### [What to work on]
Starting at the line with "重庆市治银屑病的医院有哪些 重庆看银屑病哪里好", copy each line through the last one below exactly as written, without any pictures.

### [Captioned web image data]
++++++++++++++++++++

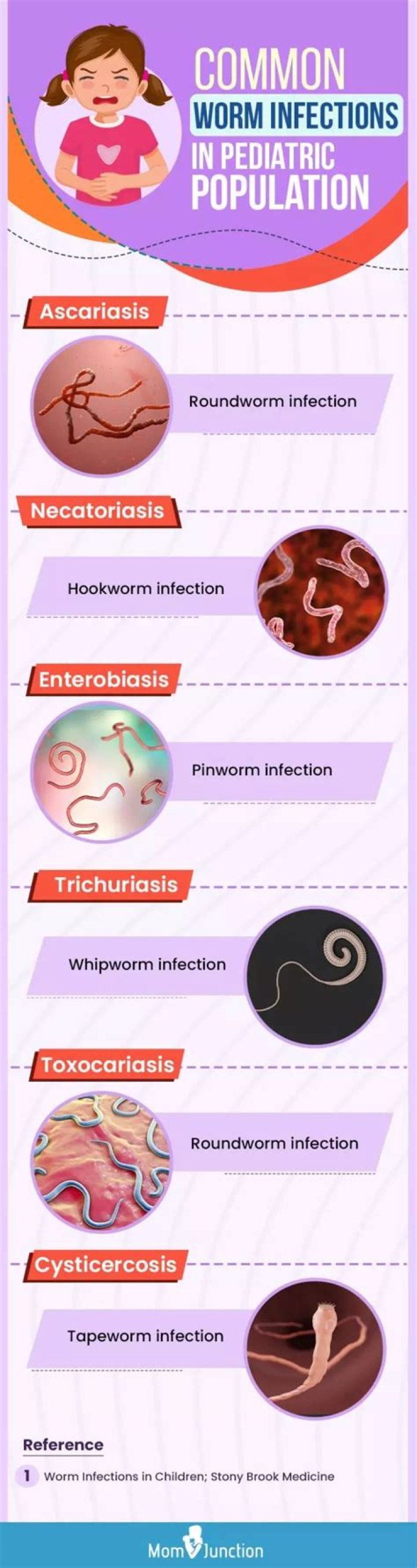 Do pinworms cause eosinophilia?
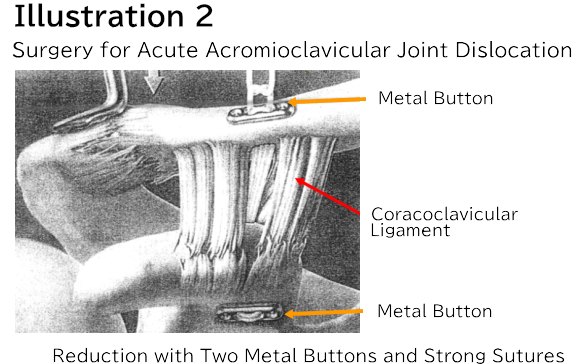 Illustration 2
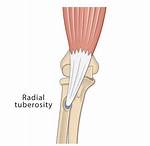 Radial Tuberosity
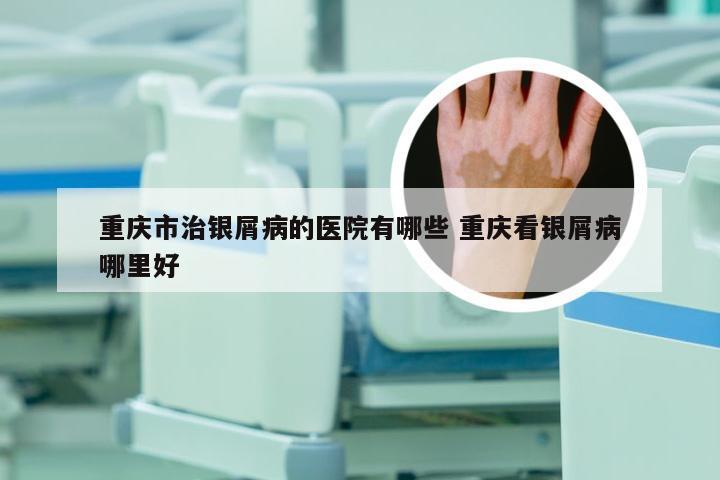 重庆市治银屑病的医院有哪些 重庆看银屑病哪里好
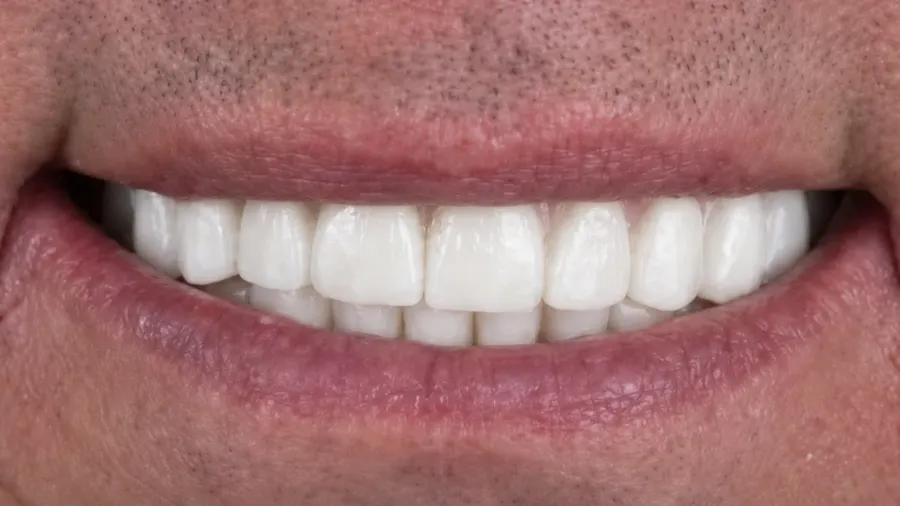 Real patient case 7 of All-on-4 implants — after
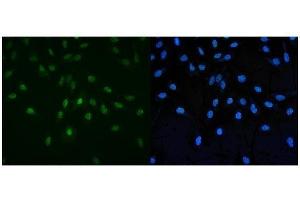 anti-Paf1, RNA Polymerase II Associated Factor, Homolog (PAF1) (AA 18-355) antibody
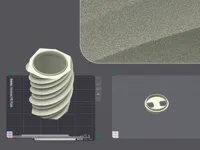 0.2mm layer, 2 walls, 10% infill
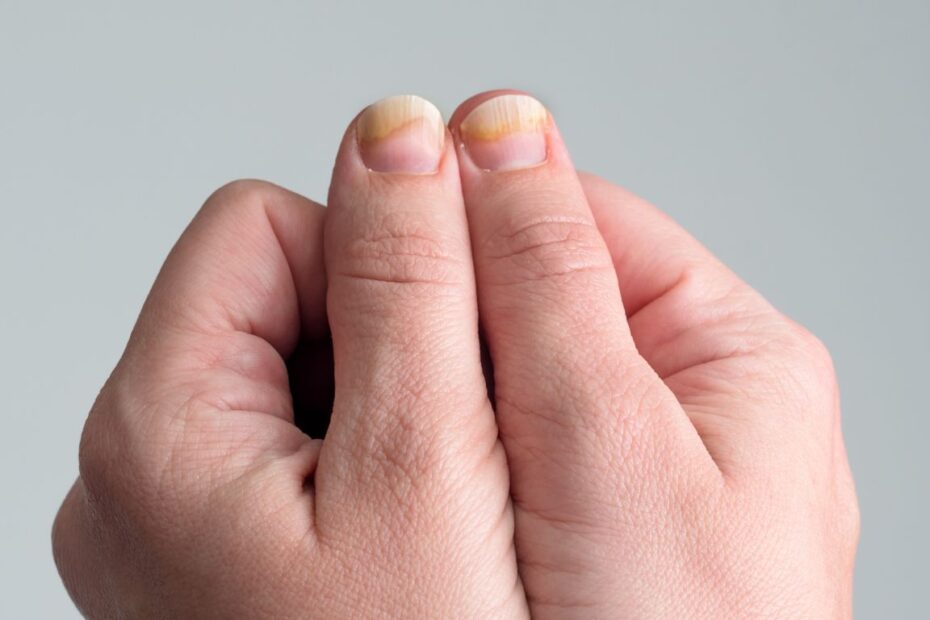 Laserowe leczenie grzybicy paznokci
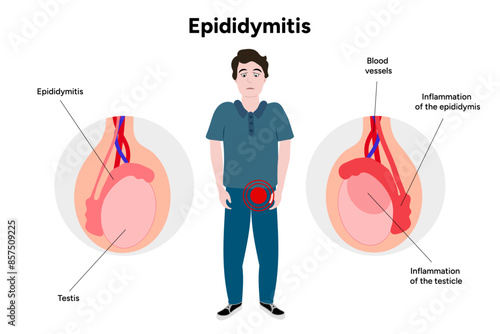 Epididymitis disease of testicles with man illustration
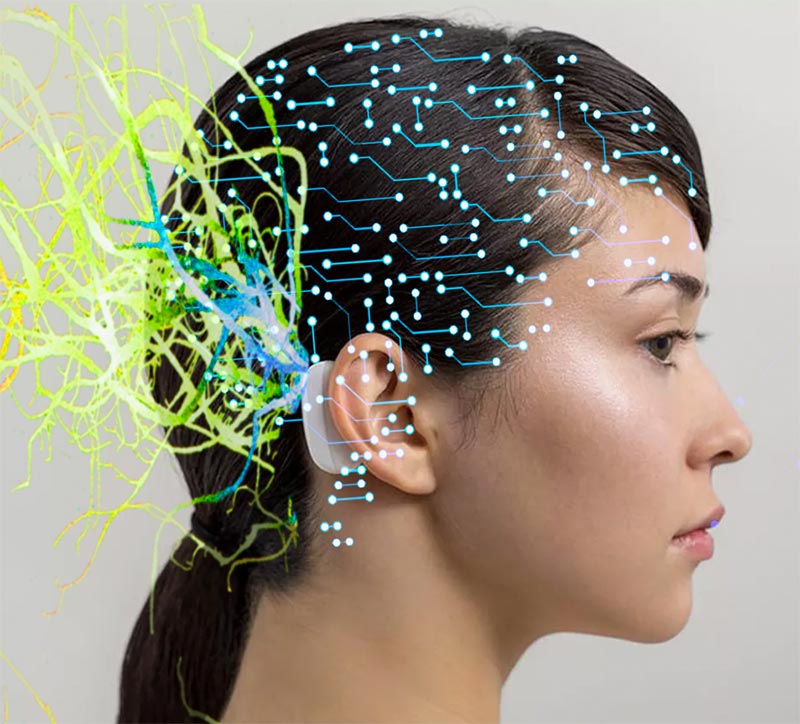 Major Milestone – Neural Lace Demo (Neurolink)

++++++++++++++++++++

### [Final answer]
 重庆市治银屑病的医院有哪些 重庆看银屑病哪里好
 Real patient case 7 of All-on-4 implants — after
 anti-Paf1, RNA Polymerase II Associated Factor, Homolog (PAF1) (AA 18-355) antibody
 0.2mm layer, 2 walls, 10% infill
 Laserowe leczenie grzybicy paznokci
 Epididymitis disease of testicles with man illustration
 Major Milestone – Neural Lace Demo (Neurolink)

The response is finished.